No one knows that in 1850, banks issued their own currencies, that competed with the currency of the Bank of the United States. We have so much forgotten the idea of private bank notes, that we cannot even understand why Hamilton had to fight to get the U.S. to own its own bank, and issue its own currency. If we had competing currencies today, we would not have inflation. We’d have boomlets and bustlets, rather than the enormous run-ups and crashes we now get.
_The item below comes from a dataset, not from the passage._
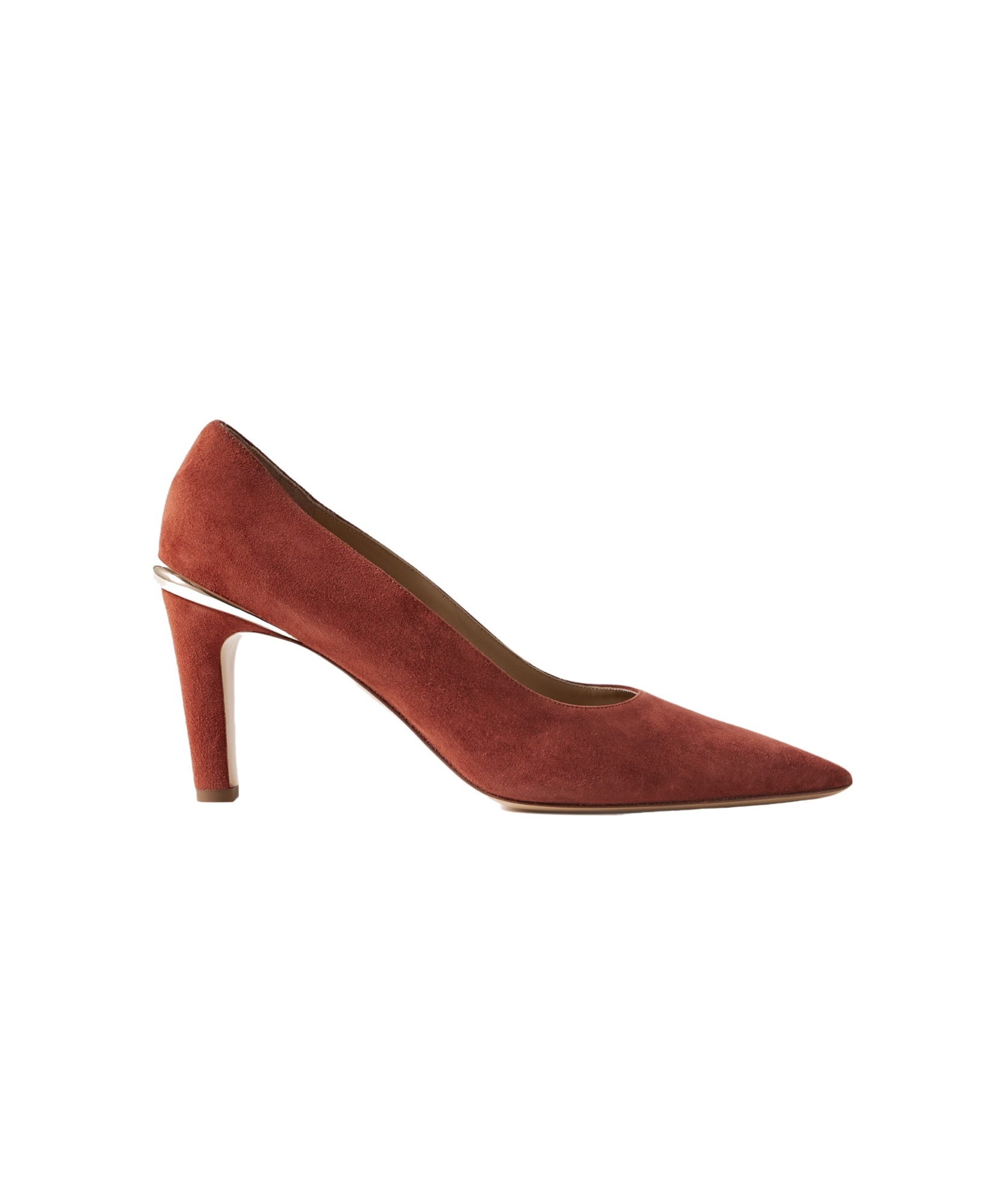 Gabriela Hearst Pointed-toe High Heels In Red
People forget that there were once no public schools, no public universities. They forget that 150 years ago, pretty much the only hospitals out there were run by churches, as charitable operations. That’s why nurses used to wear those funny little hats; back in the day, all nurses were nuns, and those funny little hats nurses wore up until about 1970 were descendents of wimples.
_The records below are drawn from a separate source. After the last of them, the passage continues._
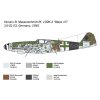 Model Kit letadlo 2805 - Bf 109 K-4 (1:48)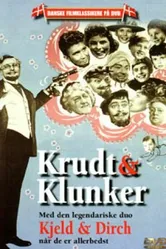 Krudt og klunker постер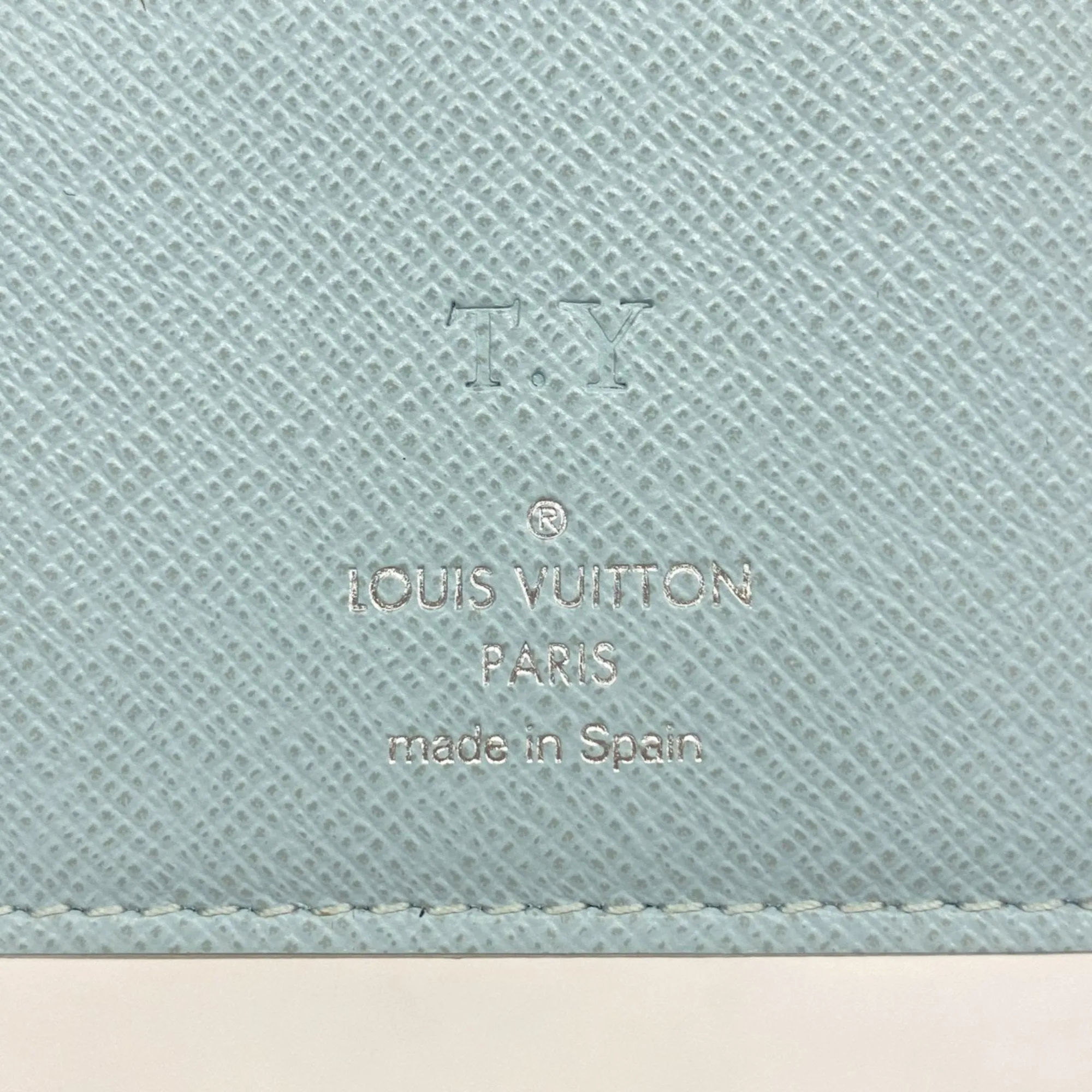 Louis Vuitton Long Wallet (Bi-Fold) (Pre-Owned)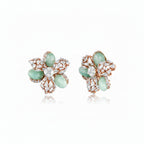Verdant Petals Earrings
Yet that natural, organically developed system of social organization, cobbling itself together out of the ruins of Rome and under continuous assault from the Muslims, built the West. It wasn’t perfect. It was just less imperfect than all its competitors.
Dean Ericson writes:
Kristor wrote:
“People forget how society naturally organized itself before the statists began their insults to the natural order.”
Louie Leftkowitz replies:
Society naturally organized itself?—but that’s impossible! Everyone knows society is incapable of organizing itself without GOVERNMENT. Government is the prime mover, it is the alpha and omega, it’s big, it’s huge, it’s powerful, more powerful than a locomotive, faster than a speeding bullet—let’s not kid ourselves; government is God. Without a government edict the sun would not rise, or might rise in the West, or might not shine on women and minorities. Without government nobody would know what to do, would mismatch their socks and burn the toast and hit their thumbs with hammers. This is why everyone must focus all their energies on government, and think about it constantly, and devise strategies for increasing its power, and everyone must vote, and work for candidates for public office because government officials are the most important people in society; wise and all-powerful government officials with great hair and large rippling muscles and deep, confident voices telling us what to do. They’ll tell us how to live, what to wear, what to say, whether to attack Libya or Iceland, and so much more! Remember, back when we had LESS government we had MORE racism, sexism, homophobia, bigotry, environment-destroying, war-mongering capitalism and also more mean-spirited, colonialist-imperialist, cigar-chomping plutocrats in top hats stealing milk from babies. So we need MORE government, not less. Only when the government is finally able to absorb 100 percent of the people’s money, time, and love, will all the world’s problems be solved. We must organize, organize, organize for Bigger Government! Only then will people finally be happy, their wrinkles go away, their bald heads grow hair, their children won’t argue, and we’ll all live in peace and plenty until the end of time. Trust me.
March 26
James R. writes:
Three cheers for Kristor.
I was aware of a lot of the info Kristor mentioned in his response on the “Christian Health Ministries” topic, but he put all the pieces together brilliantly (and pithily) to reveal the whole picture, like tiles in a mosaic. Very informative and I gained extra insight from what he said.